LA SERIE CONVINCE MA NON DEL TUTTO

L’impressione vedendo questo primo episodio La pista nera è che sicuramente c’è molto da lavorare, in particolare sul ritmo troppo lento e sull’originalità dei casi di episodio. Inoltre alcuni dialoghi appaiono un po’ troppo banali e quasi troppo perbenisti per il personaggio di Schiavone, ma nel complesso la sceneggiatura confeziona un buon pilota, che introduce i personaggi e in parte da un’idea della serie. Il clima rigido, che avvicina la serie al commissario Wallander, è reso molto bene dalla regia di Soavi e in parte anche dalla fotografia che in alcuni tratti zoppica, come le montagne digitali fuori dall’ufficio di Schiavone che potevano essere fatte meglio.
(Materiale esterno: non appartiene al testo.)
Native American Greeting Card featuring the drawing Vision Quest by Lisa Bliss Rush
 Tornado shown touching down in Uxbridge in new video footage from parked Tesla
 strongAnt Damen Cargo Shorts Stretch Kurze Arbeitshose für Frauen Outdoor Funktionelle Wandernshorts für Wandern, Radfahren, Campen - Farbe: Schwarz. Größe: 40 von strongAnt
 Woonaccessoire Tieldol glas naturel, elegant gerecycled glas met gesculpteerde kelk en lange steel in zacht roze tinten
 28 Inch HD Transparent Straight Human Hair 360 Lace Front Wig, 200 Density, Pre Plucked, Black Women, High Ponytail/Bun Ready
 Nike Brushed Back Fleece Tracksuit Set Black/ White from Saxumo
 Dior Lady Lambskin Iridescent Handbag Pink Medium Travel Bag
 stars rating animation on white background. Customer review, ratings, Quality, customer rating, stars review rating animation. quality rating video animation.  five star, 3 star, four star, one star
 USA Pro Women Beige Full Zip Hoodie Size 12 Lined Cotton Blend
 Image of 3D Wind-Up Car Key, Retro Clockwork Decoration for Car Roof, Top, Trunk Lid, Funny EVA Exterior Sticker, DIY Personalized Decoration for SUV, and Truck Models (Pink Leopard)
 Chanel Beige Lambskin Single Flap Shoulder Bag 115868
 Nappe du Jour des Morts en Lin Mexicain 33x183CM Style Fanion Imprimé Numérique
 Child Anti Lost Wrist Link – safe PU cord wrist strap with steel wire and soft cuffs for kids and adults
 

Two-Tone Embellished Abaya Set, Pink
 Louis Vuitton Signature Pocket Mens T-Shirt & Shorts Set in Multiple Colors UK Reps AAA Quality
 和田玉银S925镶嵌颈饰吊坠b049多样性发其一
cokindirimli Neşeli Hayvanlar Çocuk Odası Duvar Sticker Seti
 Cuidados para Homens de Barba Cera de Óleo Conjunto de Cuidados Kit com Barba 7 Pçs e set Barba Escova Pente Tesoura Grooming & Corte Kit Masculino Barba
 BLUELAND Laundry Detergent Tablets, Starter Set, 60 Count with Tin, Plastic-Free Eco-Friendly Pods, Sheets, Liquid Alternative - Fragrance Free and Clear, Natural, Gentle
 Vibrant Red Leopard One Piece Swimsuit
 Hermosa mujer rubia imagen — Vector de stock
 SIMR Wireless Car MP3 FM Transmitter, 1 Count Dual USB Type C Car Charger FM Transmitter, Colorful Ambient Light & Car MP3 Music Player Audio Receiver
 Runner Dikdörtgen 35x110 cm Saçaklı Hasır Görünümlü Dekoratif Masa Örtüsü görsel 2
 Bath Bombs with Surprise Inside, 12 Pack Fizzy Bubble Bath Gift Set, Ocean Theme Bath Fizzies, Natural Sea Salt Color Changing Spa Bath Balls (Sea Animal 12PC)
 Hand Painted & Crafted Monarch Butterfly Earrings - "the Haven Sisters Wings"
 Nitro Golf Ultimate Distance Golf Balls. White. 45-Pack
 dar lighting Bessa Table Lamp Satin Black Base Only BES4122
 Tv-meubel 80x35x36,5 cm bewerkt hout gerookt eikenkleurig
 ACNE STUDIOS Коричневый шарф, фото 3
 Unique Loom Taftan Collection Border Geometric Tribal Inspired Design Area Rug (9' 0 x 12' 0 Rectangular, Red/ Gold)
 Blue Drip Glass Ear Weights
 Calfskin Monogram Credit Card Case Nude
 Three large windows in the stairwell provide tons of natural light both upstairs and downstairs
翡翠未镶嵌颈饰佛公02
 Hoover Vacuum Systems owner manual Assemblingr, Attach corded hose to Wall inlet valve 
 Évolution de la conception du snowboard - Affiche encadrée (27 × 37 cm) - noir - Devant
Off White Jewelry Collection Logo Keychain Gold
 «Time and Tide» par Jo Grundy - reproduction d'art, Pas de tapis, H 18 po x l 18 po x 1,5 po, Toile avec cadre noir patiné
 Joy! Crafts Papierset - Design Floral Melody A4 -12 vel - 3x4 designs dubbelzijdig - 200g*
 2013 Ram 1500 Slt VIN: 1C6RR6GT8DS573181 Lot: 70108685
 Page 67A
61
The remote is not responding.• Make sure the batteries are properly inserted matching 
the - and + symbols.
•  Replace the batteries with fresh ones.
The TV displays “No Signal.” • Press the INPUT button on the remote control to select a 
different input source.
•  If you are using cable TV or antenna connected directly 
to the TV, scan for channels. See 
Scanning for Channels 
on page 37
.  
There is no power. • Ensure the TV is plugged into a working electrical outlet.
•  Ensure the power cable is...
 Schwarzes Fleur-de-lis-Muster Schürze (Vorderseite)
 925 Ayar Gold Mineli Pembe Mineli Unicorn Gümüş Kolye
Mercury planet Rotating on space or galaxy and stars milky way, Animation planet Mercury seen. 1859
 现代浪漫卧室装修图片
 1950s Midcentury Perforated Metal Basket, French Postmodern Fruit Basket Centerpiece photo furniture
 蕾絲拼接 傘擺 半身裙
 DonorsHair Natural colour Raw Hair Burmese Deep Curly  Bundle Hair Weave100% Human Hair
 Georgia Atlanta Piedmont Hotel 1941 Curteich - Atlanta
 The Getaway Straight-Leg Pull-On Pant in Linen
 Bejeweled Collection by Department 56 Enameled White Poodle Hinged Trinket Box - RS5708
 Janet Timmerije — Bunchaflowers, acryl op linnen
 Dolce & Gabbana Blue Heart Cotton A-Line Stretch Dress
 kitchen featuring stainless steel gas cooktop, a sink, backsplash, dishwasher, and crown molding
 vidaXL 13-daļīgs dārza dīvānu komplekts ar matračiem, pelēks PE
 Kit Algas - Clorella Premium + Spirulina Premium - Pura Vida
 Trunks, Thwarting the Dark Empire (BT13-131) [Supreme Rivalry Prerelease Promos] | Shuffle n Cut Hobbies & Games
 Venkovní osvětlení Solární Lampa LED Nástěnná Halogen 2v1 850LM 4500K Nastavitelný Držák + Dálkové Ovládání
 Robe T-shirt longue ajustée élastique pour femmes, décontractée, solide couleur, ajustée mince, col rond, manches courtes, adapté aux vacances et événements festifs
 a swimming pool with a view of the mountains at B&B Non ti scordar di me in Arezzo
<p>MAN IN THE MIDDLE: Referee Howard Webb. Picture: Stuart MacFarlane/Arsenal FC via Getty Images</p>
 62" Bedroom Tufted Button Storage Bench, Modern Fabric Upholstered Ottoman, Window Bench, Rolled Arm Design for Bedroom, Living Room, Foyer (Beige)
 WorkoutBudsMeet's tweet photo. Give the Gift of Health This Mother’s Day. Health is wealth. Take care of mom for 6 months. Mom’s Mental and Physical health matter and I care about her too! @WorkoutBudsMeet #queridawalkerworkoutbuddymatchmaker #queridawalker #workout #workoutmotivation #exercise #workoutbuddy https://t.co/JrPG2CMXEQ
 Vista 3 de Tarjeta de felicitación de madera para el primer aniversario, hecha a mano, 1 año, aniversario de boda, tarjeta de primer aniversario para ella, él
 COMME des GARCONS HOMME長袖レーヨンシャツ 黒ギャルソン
Vera assente la colonna sonora, necessaria per accentuare alcune scene, e che non ha un motivo ricorrente all’interno dell’episodio come molte serie tv crime di solito hanno. Di certo la performance di Giallini è ottima, il cast di attori che lo contornano azzeccato e nuovo, cosa che fa sempre piacere, e la serie scorre veloce e parla a tutti gli appassionati del genere investigativo a prescindere dall’età.

Sperimentare è necessario, cambiare è necessario, voltare pagina è necessario, bisogna solo essere disposti ad accettare il tempo necessario a questo mutamento.

Angolo della Vipera:
-Giallini io ti stimo ma per piacere anche se devi fare il romano potresti scandire meglio, anzi mejo, le parole?
-Isabella Ragonese riesce a rendere carini e coccolosi anche i morti.
-Il maestro di sci con le meches bionde spalmate in fronte no…
-Io dico che l’interpellanza di Governo promossa da Gasparri e Giovanardi e Quagliariello più che sulla marjuana è sulla scena del container di clandestini…

Voto, 3.5/ 5. Giudizio: Nuova speranza.